Pap Quiz: When Were You Last Screened?

Feb 6, 2017

Professor Aisha LoftersProfessor Aisha Lofters Cervical cancer is highly curable if it’s caught early. But across Canada, screening rates for the disease vary wildly. Recent immigrants and women who live in low-income neighbourhoods, in particular, are much less likely to get screened than other Canadians. Why?

That’s one question that drives Aisha Lofters, a professor in the Department of Family and Community Medicine at the University of Toronto and a scientist at the Li Ka Shing Knowledge Institute at St. Michael’s Hospital.

Lofters has studied immigrant health and health equity for 10 years.
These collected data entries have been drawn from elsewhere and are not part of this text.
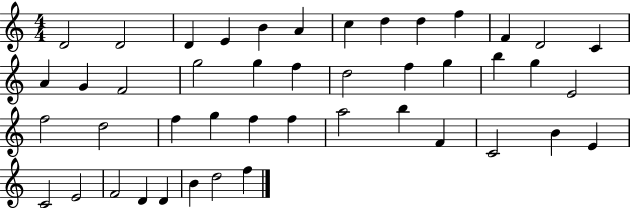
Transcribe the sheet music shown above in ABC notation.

X:1
T:Untitled
M:4/4
L:1/4
K:C
D2 D2 D E B A c d d f F D2 C A G F2 g2 g f d2 f g b g E2 f2 d2 f g f f a2 b F C2 B E C2 E2 F2 D D B d2 f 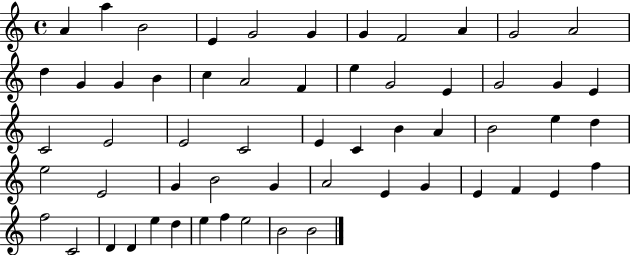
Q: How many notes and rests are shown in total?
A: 58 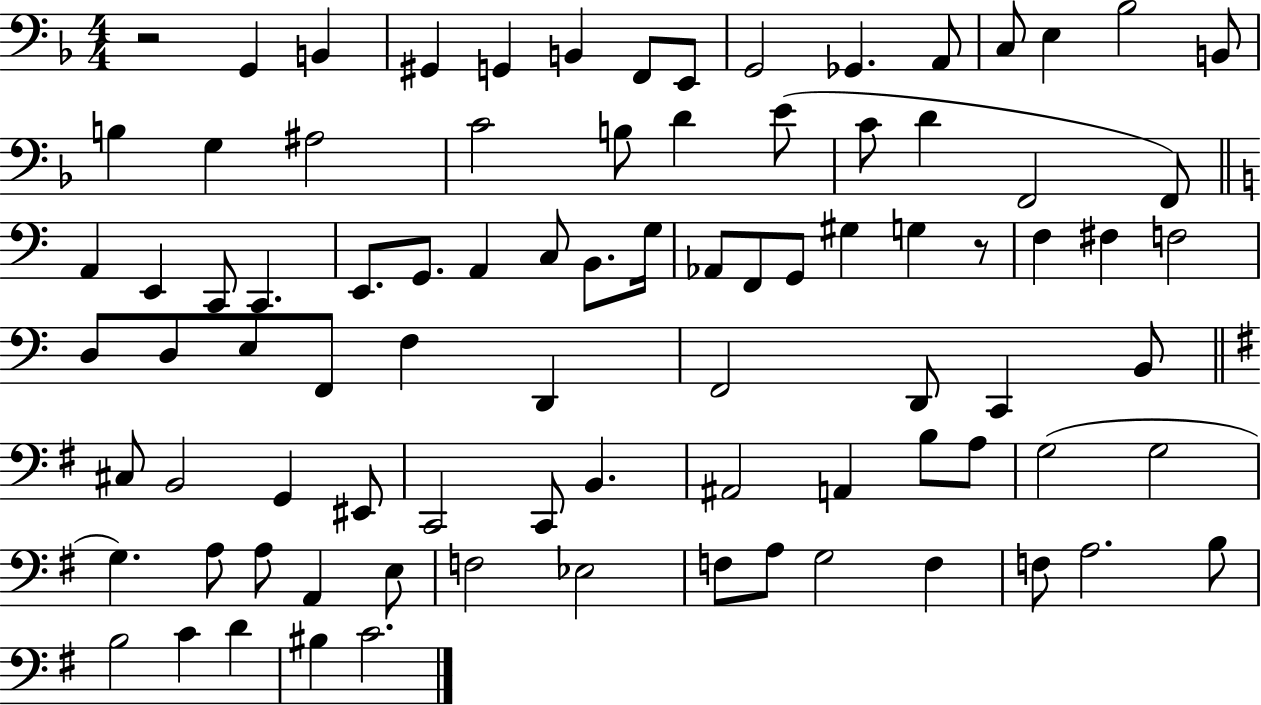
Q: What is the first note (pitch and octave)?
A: G2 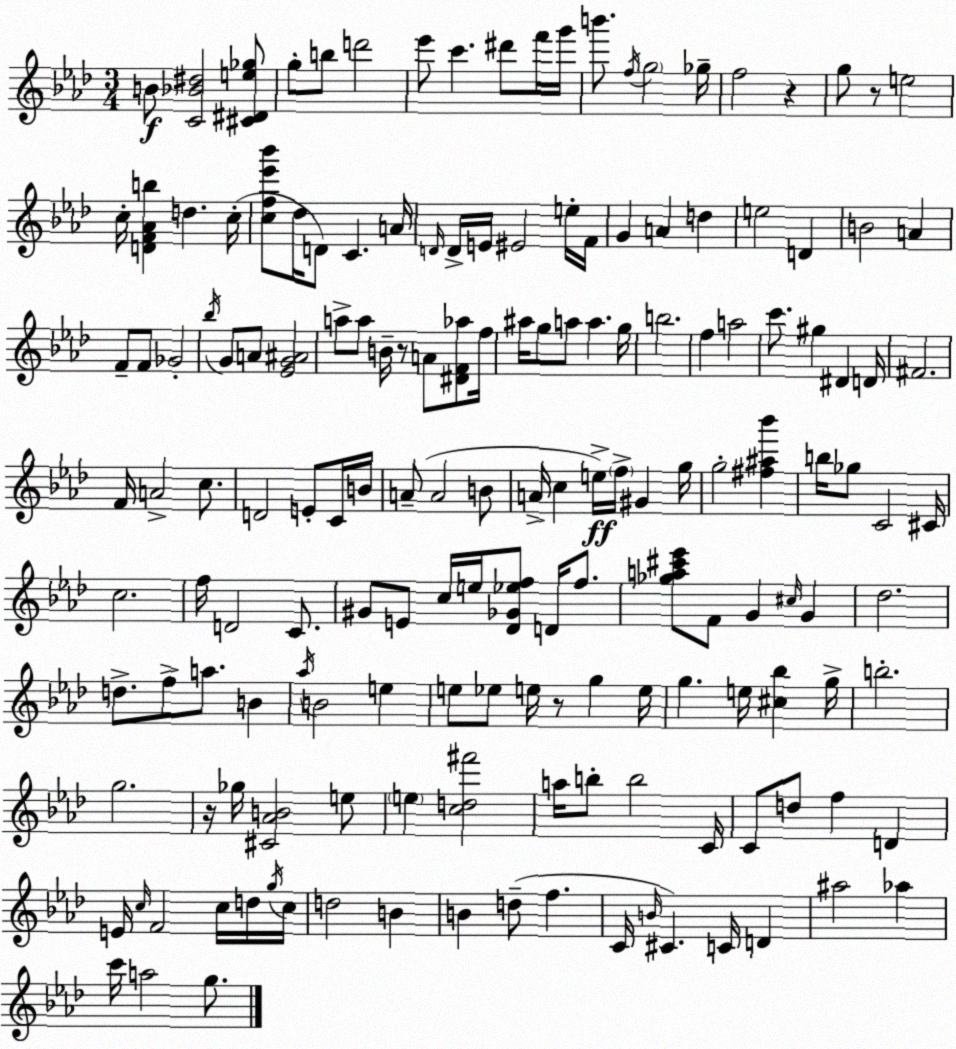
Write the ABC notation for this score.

X:1
T:Untitled
M:3/4
L:1/4
K:Fm
B/2 [C_B^d]2 [^C^De_g]/2 g/2 b/2 d'2 _e'/2 c' ^d'/2 f'/4 g'/4 b'/2 f/4 g2 _g/4 f2 z g/2 z/2 e2 c/4 [DF_Ab] d c/4 [cf_e'_b']/2 _d/4 D/2 C A/4 D/4 D/4 E/4 ^E2 e/4 F/4 G A d e2 D B2 A F/2 F/2 _G2 _b/4 G/2 A/2 [_EG^A]2 a/2 a/2 B/4 z/2 A/2 [^DF_a]/2 f/4 ^a/4 g/2 a/2 a g/4 b2 f a2 c'/2 ^g ^D D/4 ^F2 F/4 A2 c/2 D2 E/2 C/4 B/4 A/2 A2 B/2 A/4 c e/4 f/4 ^G g/4 g2 [^f^a_b'] b/4 _g/2 C2 ^C/4 c2 f/4 D2 C/2 ^G/2 E/2 c/4 e/4 [_D_G_ef]/2 D/4 f/2 [_ga^c'_e']/2 F/2 G ^c/4 G _d2 d/2 f/2 a/2 B _a/4 B2 e e/2 _e/2 e/4 z/2 g e/4 g e/4 [^c_b] g/4 b2 g2 z/4 _g/4 [^C_AB]2 e/2 e [cd^f']2 a/4 b/2 b2 C/4 C/2 d/2 f D E/4 c/4 F2 c/4 d/4 g/4 c/4 d2 B B d/2 f C/4 B/4 ^C C/4 D ^a2 _a c'/4 a2 g/2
She spoke with Faculty of Medicine writer Jim Oldfield about her interest in health disparities, why demographic data on patients is critical and what can be done to improve cervical cancer screening in women most at risk.

What inspired you to study cervical cancer screening?
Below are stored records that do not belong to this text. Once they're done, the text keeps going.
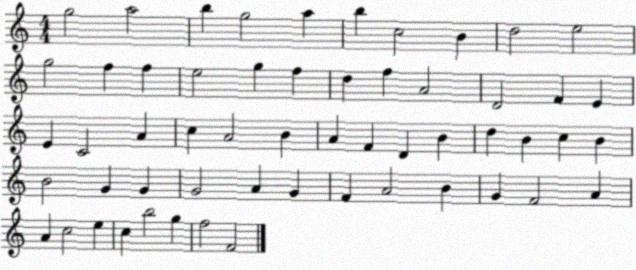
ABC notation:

X:1
T:Untitled
M:4/4
L:1/4
K:C
g2 a2 b g2 a b c2 B d2 e2 g2 f f e2 g f d f A2 D2 F E E C2 A c A2 B A F D B d B c B B2 G G G2 A G F A2 B G F2 A A c2 e c b2 g f2 F2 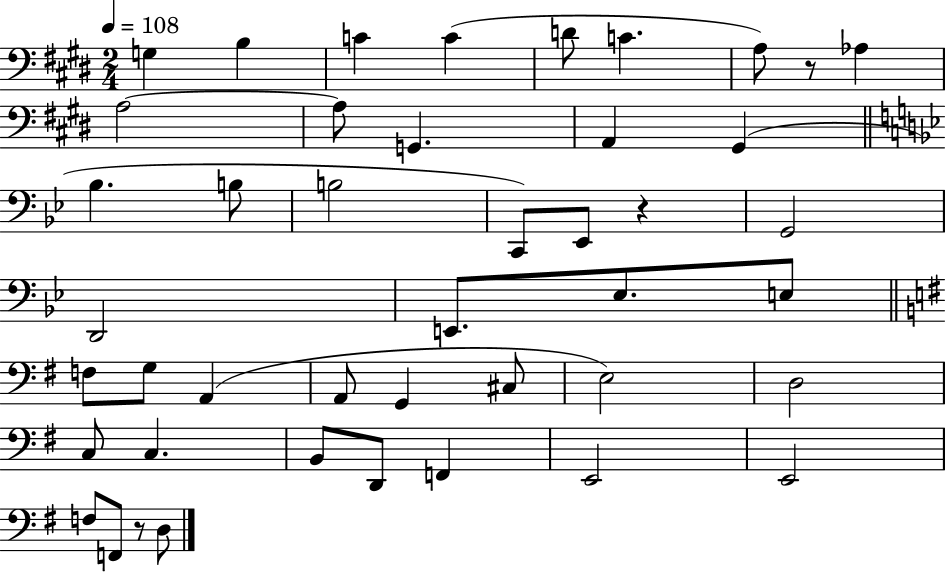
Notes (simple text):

G3/q B3/q C4/q C4/q D4/e C4/q. A3/e R/e Ab3/q A3/h A3/e G2/q. A2/q G#2/q Bb3/q. B3/e B3/h C2/e Eb2/e R/q G2/h D2/h E2/e. Eb3/e. E3/e F3/e G3/e A2/q A2/e G2/q C#3/e E3/h D3/h C3/e C3/q. B2/e D2/e F2/q E2/h E2/h F3/e F2/e R/e D3/e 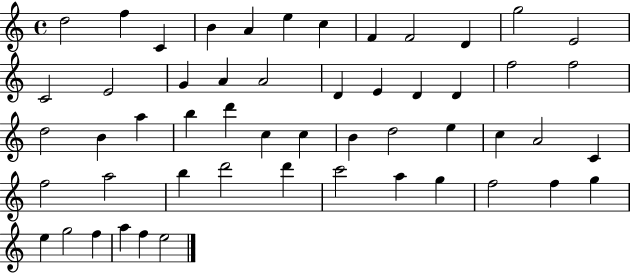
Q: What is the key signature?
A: C major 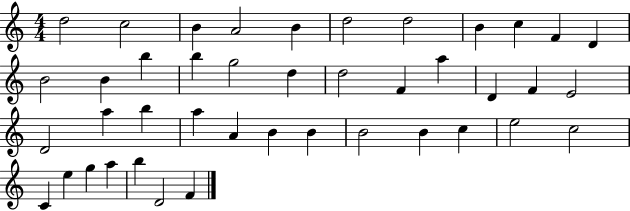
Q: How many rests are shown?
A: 0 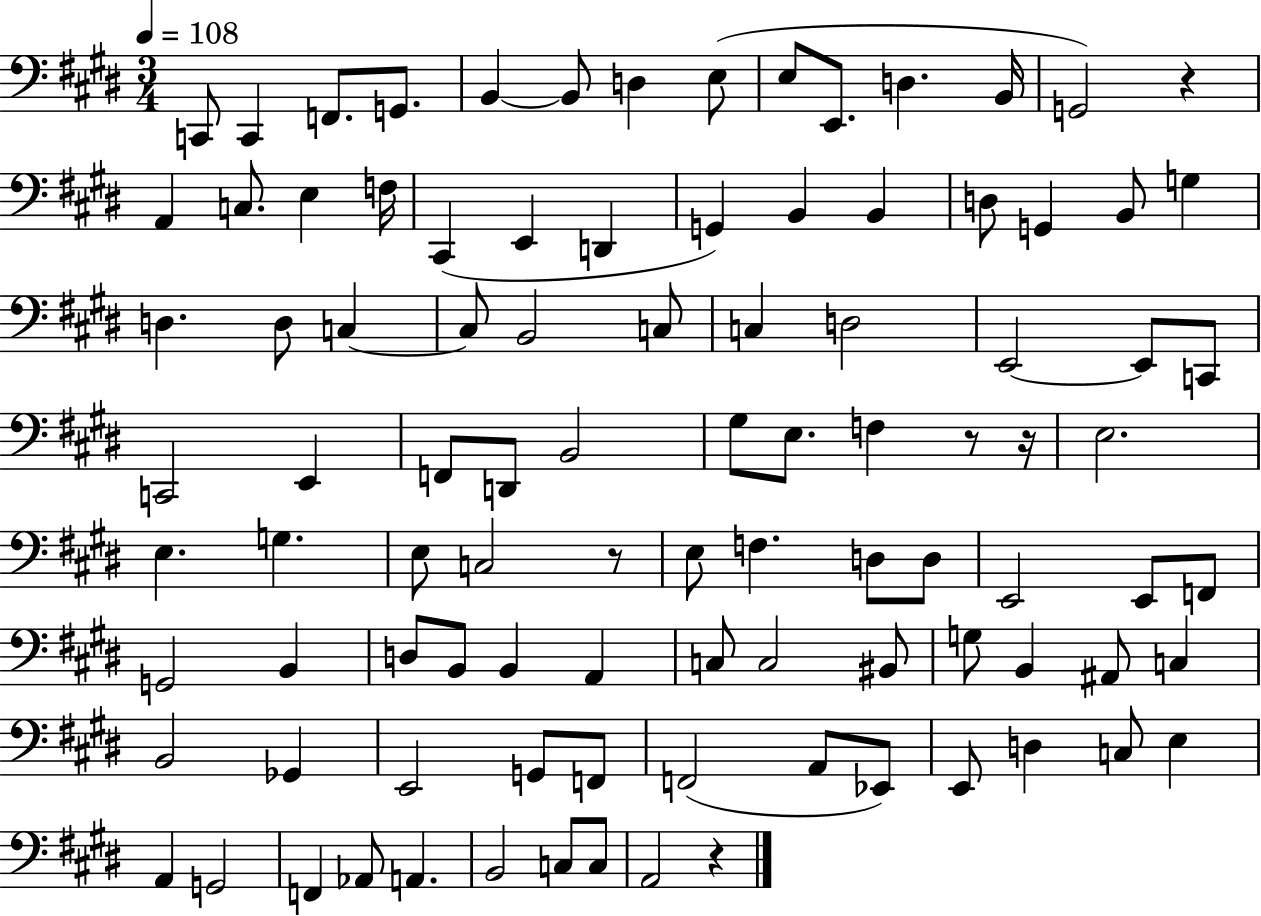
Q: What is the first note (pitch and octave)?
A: C2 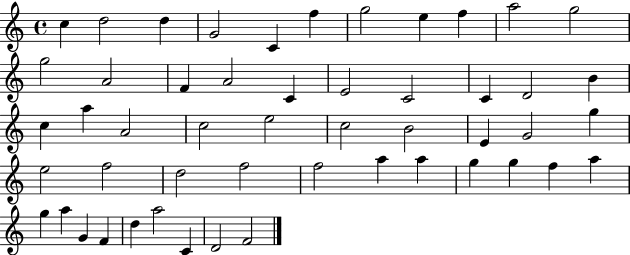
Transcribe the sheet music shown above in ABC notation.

X:1
T:Untitled
M:4/4
L:1/4
K:C
c d2 d G2 C f g2 e f a2 g2 g2 A2 F A2 C E2 C2 C D2 B c a A2 c2 e2 c2 B2 E G2 g e2 f2 d2 f2 f2 a a g g f a g a G F d a2 C D2 F2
As a practising family physician, a core part of my discipline is preventing illness before it happens. Some cancers you can’t predict, but some would be drastically reduced with ideal screening levels. Cervical cancer is a strong case in point — the literature says that with full screening we could virtually eliminate it. Rates of this disease are much lower in Canada than the rest of the world, but there are still big disparities here, especially among people who are foreign-born. And it doesn’t have to be that way.

Which groups aren't getting screened regularly in Canada?

We’ve known for some time that recent immigrants are less likely to be screened, but that's a pretty broad group. So a few years ago, my colleagues at St. Michael's and I began looking at this issue more closely. We found that screening rates vary by race/ethnicity, age and where a person lives. Whether a woman has a family doctor is also a factor. So for example, a woman living in a high-income neighbourhood in Toronto is about four times more likely to have up-to-date screening than a recent immigrant of South Asian descent who is over 50 and doesn't have a GP. That's a pretty striking disparity.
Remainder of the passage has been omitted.